Wenn die Empörten gehen – wer bleibt dann?
Katsch thematisiert im Interview nicht nur das individuelle Leid der Betroffenen, sondern auch die strukturellen Ursachen für das jahrzehntelange Versagen der Institution Kirche: Machtmissbrauch, Klerikalismus, Homophobie, Intransparenz. Besonders kritisch sieht er das Machtgefälle zwischen Klerikern und Lai*innen sowie den Umgang der Kirche mit Sexualität. Queere Jugendliche seien besonders verletzlich wegen des zusätzlichen „Erpressungsfaktors“ des Outings.
Obwohl er selbst seit Jahren kein Mitglied der Kirche mehr ist, sind die massenhaften Austritte infolge der Skandale für ihn kein Grund zur Genugtuung: Wenn all jene die Kirche verlassen, die Veränderung wollen, bleibe die Reform aus.
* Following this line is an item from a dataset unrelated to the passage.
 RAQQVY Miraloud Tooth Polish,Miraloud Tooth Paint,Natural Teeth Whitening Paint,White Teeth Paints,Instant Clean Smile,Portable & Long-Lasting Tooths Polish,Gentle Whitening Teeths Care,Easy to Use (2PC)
Und um Kinder und Jugendliche künftig zu schützen, brauche es eine konsequente strukturelle Aufarbeitung.
Scham, Verdrängung und die lange Dauer der Verarbeitung
Ein zentrales Thema ist die psychische Dynamik von Missbrauch. Viele Betroffene verdrängen ihre Erlebnisse über Jahrzehnte: ein Überlebensmechanismus, der jedoch auch Täter schützt und die öffentliche Aufarbeitung verzögert. Erst wenn äußere Auslöser – etwa das eigene Elternsein – Erinnerungen hervorrufen, wird das Erlebte greifbar. Katsch beschreibt eindrücklich, wie Musik, Literatur und Fantasie ihm halfen, emotional zu überleben und keine Alkoholabhängigkeit zu entwickeln.
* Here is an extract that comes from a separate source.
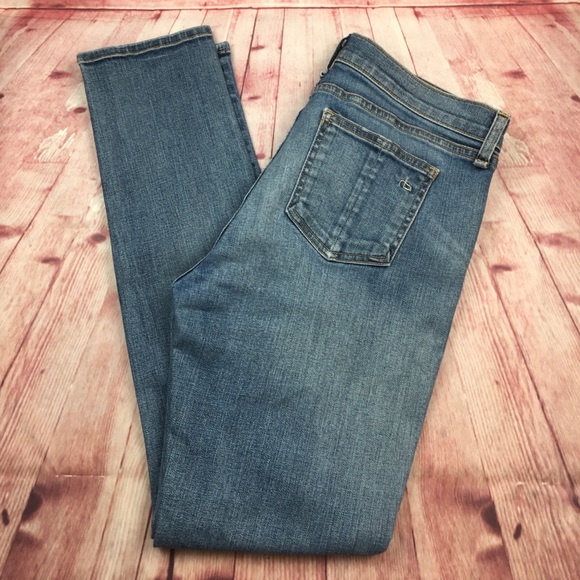 🐞Rag&Bone DASH Distressed Slouchy Jean in Wembly Size 26x28” - Picture 13 of 13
Entschädigung: Eine Frage der Gerechtigkeit
Katsch kritisiert frühere Entschädigungszahlungen der Kirche von 5.000 Euro als „beleidigend niedrig“. Inzwischen sprechen Gerichte deutlich höhere Beträge aus, wie ein Urteil aus Köln mit 300.000 Euro Schmerzensgeld zeigt. Dennoch bleibt die Frage, wie das durch Missbrauch verursachte Leid mit all seinen psychischen, sozialen und physischen Langzeitfolgen überhaupt angemessen bewertet werden kann.
Der Blick über Deutschland hinaus
Neben der Kritik an der deutschen Aufarbeitung lobt Katsch positive Beispiele, etwa aus der Schweiz, wo Lai*innen in kirchlichen Gremien echte Kontrollrechte haben. Dort laufen derzeit außerdem umfassende historische Studien, unterstützt von Universität und Zivilgesellschaft.
International fordert der Eckige Tisch gemeinsam mit der Betroffeneninitiative ECA (Ending Clergy Abuse) eine Null-Toleranz-Politik gegenüber sexueller Gewalt. Papst Franziskus habe zu viel Diskussion erlaubt. Während sich der neue Papst Leo XIV zum Zeitpunkt des Interviews noch nicht zum Thema geäußert hatte, sind seine Aussagen aus einem kürzlichen Interview mit Crux eher ernüchternd.